In this chapter you will get introduced to the core pillars of virtual machine construction and the step-by-step process we will undertake to craft our compiler. Ensure you have a working installation for Rust.

Why build a virtual machine?

Portability

The output of every compiler is an asset that the computer will execute. This asset depends on some factors, for instance, the architecture of the target machine and the operating system the compiler is running on. Let’s demonstrate this with simple program

fn main() {
    println!("my program is running");
}

When we compile the program by running the command cargo build, it deposits as executable asset to the target/debug directory. The program will ran because the generated executable asset targeted the architecture in which the compiler resides.

The question is, what is the machine’s architecture on which the Rust compiler is currently running?
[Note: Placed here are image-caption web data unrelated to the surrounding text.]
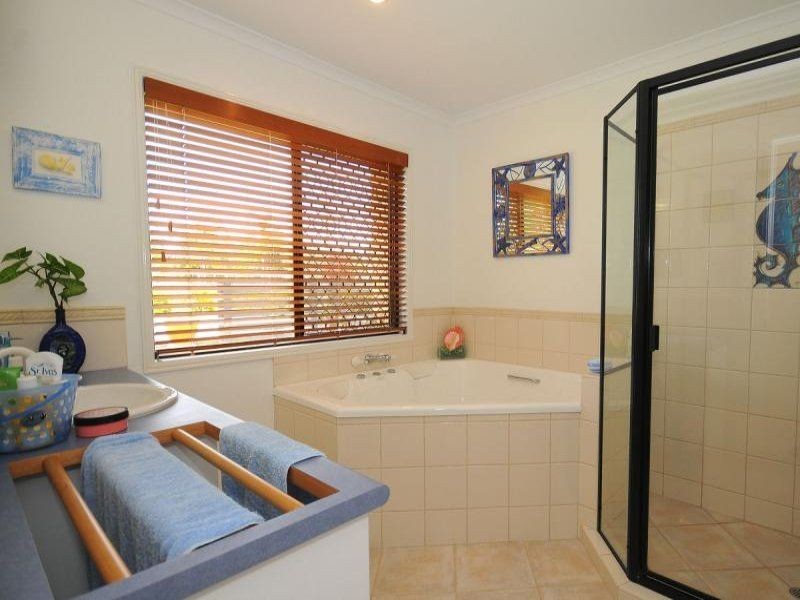 382 Eatonvale Road, Tinana QLD 4650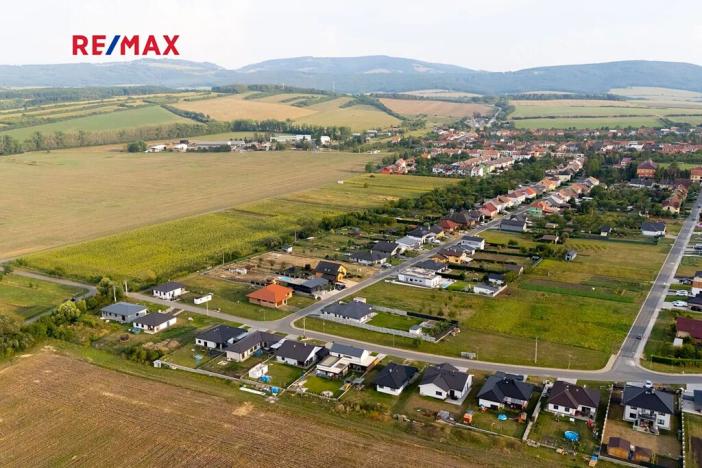 Prodej rodinného domu, Bánov, 197 m2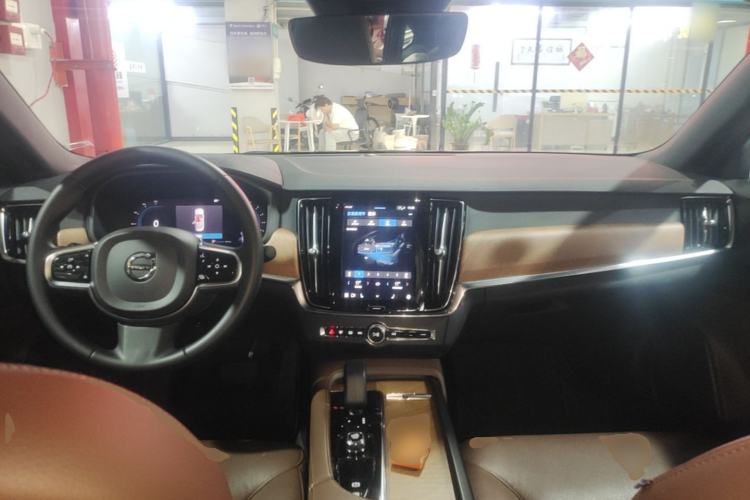 Used Volvo S90 2024 B5 Zhiyi Luxury Edition Center Console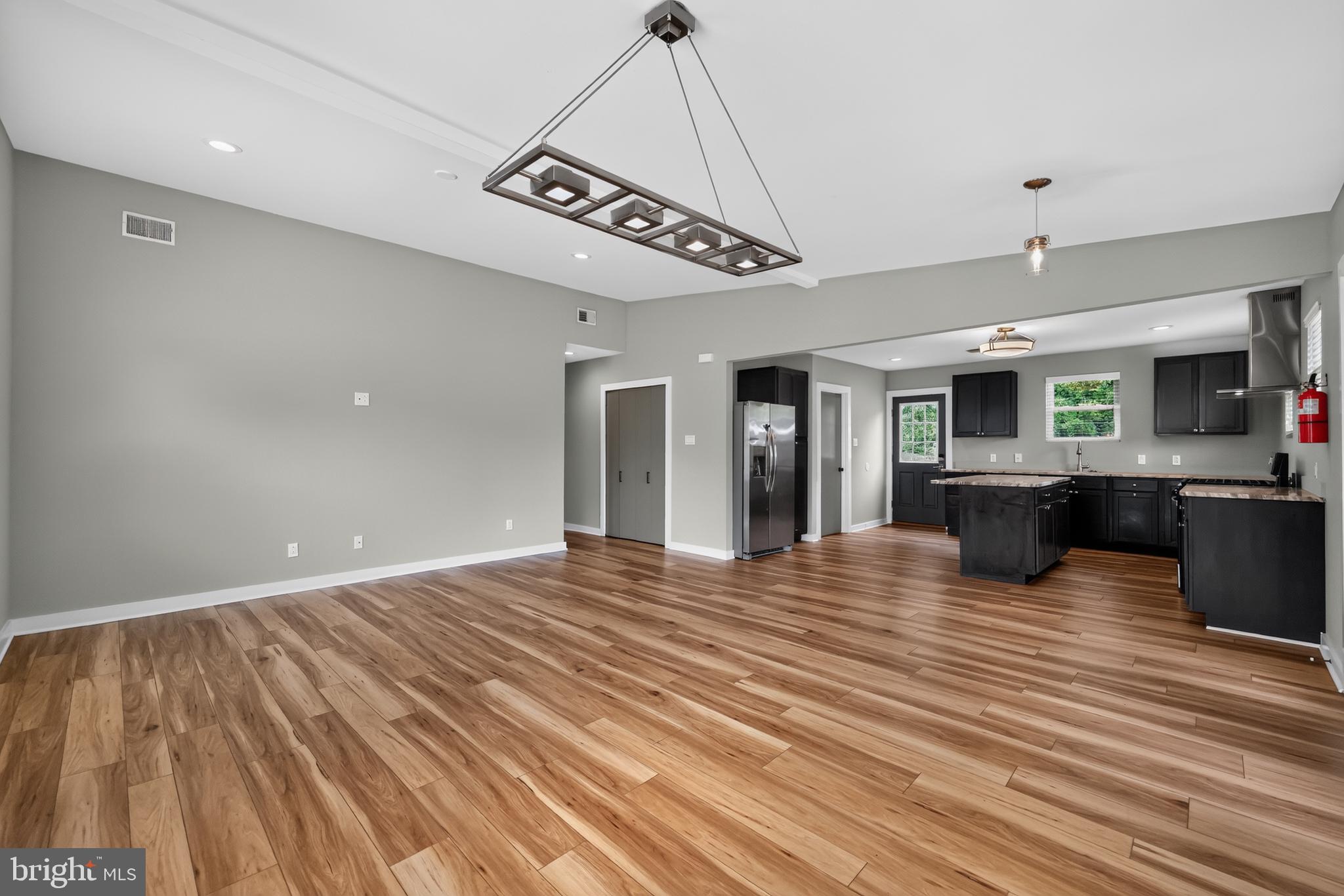 128 FAIRVIEW AVENUE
We can get this information using Linux utilities lscpu and uname.

$ lscpu | grep -i architecture
$ uname -a

The output states that the architecture of the machine that the Rust compiler is currently running on is of type x86_64 meaning our program can only run on Linux-powered 32-bit and 64-bit machines. It will fail if we run it on perhaps a Windows or macOS machine. To produce executable assets that can run on either a Windows or macOS machine, we need to rerun the compiler; this time, we state which machine architecture we will target. To accomplish this with the Rust compiler, we’ll add a target for the target architecture.

Try the following command to add a Windows target:

$ rustup target add x86_64-pc-windows-gnu

By running the following command, let’s verify that the target was correctly installed.

$ rustup target list | grep -i x86_64-pc-windows-gnu

The command asserts the new target is available, and we now have the tools to compile for a Windows architecture. To build an executed for Windows, we therefore need to specify the target in the build command.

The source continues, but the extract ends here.